My main complaint is that PhotoStream only kicks in when Wi-Fi is turned on, so if you’re outdoors without access to a router, you’ll have to wait till you get back home to transfer the photos over Wi-Fi to your PhotoStream. That’s a lame limitation, and I suspect the carriers have something to do with it.
The other most useful iCloud feature is over-the-air backups for the iPhone, iPad and iPod Touch. Just by switching on “iCloud Backup,” you can automatically back up device data over the internet.
Then if you lose your iPad, for example, and you take a brand-new one out of the box, you can log in to iCloud and tap “Restore from backup,” and you’ll have your apps, notes, calendar and everything back. I tested this on an iPad 2 running iOS 5, and it took only about 5 minutes to restore from a backup. It worked great. (Yes, this requires Wi-Fi, too.)
The big picture of iCloud’s over-the-air device backup and restoration is that the days of “Connect to iTunes” are over. You no longer have to plug your iOS device into a computer with a USB cord (unless you really want to). Backups and synchronization can all happen on the device itself, as long as you’ve stored your data in iCloud.
The other aspects of iCloud are a little less interesting, though certainly welcome. If you’re reading an e-book through iBooks on your iPhone, and you create a note, you can later pop open the same book on your iPad and see the same note.

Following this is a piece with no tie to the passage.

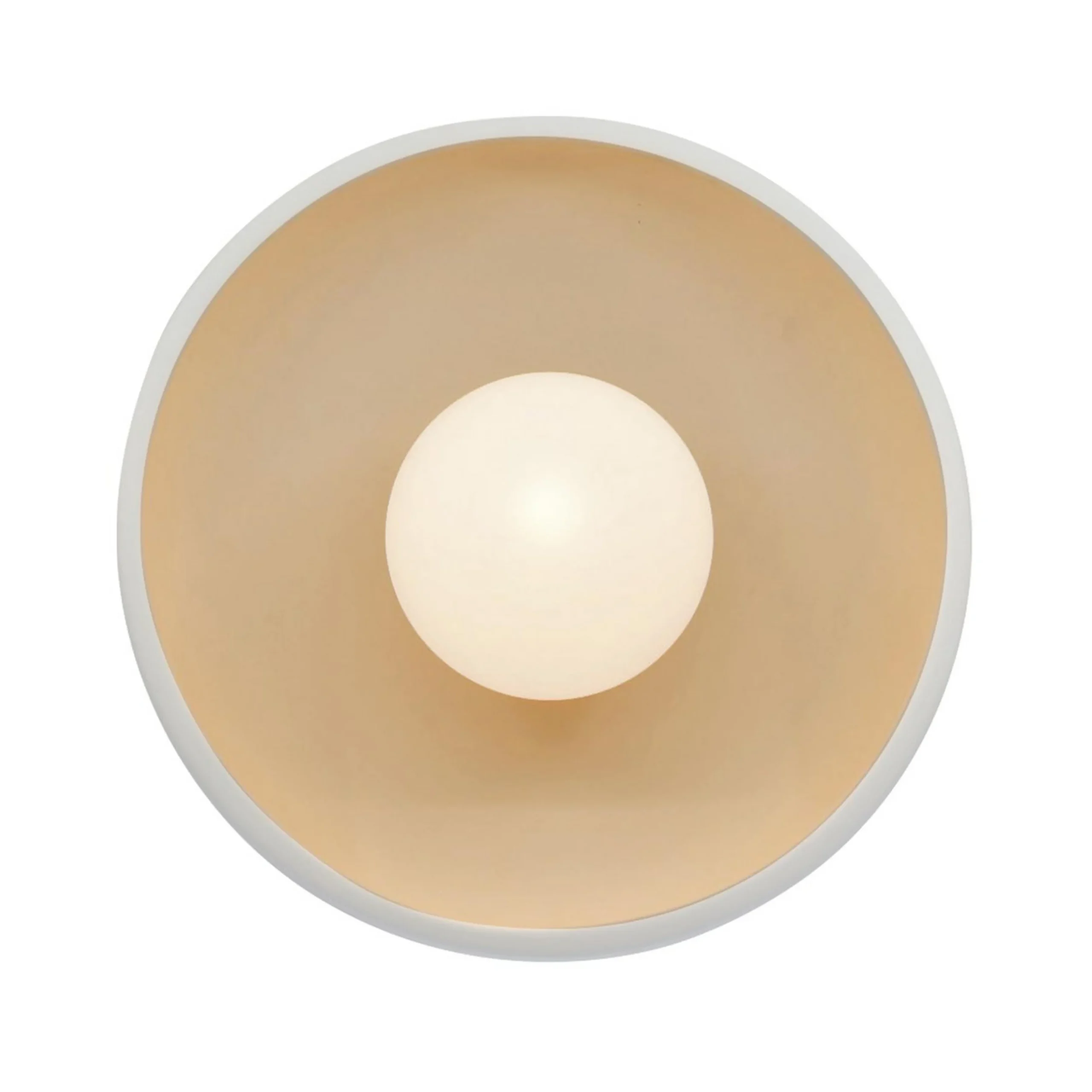 Oracle Ceramic Sconce - Bisque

Same goes for documents. Edit a Keynote presentation in the Keynote app on your iPhone, for example, and that edit will appear in Keynote app when you open the same presentation on your Mac. I was already doing this with Dropbox long before this feature’s debut, so it’s not very impressive to me, but it works fine.

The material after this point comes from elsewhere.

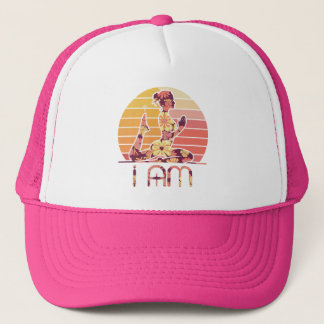 I AM soft Floral Prayer Trucker Hat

iCloud also synchronizes your purchased content across devices. With iTunes music, if you buy a song through iTunes on your Mac, you can automatically download the same song onto your iPhone as well, without having to pay for it again. That’s convenient, but I wish we could just store all our music on iCloud and stream the songs wirelessly instead, rather than have to download the files locally.
Same goes for apps — apps purchased on one device in the App Store can be downloaded on another iOS device through iCloud.

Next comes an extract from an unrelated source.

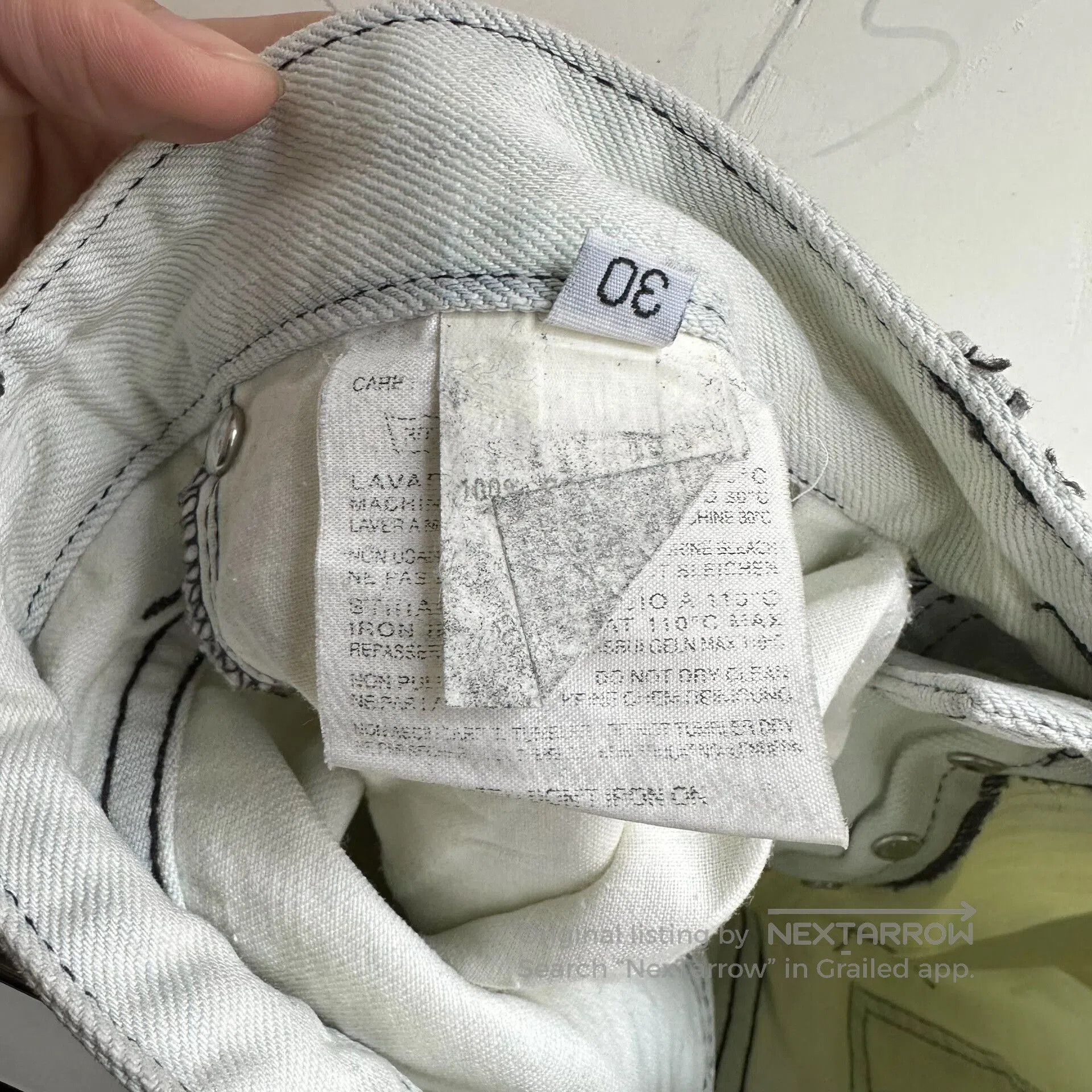 Raf by Raf Simons raf simons 07ss brush denim pants size 30. Size US 30 / EU 46 - 4 Thumbnail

iCloud is also integrated into the Apple calendar apps now, so when you create a calendar event, it shows up in the calendar app on your other Apple devices, too.
Overall, in its current state, iCloud is mostly beneficial for people who own an Apple family of products: a Mac and at least one iOS device. I doubt Windows users will get much out of iCloud, because the only easily usable feature available to them is PhotoStream.
And that’s really Apple’s goal: to reel you into its ecosystem with the convenience of iCloud. If you own an iPhone, now it makes more sense than ever to have a Mac and an iPad, versus a Windows PC and an Android tablet, just to take advantage of iCloud.
You get 5 GB of free space for iCloud. Your PhotoStream, music, apps, e-books and TV shows don’t count against your free storage.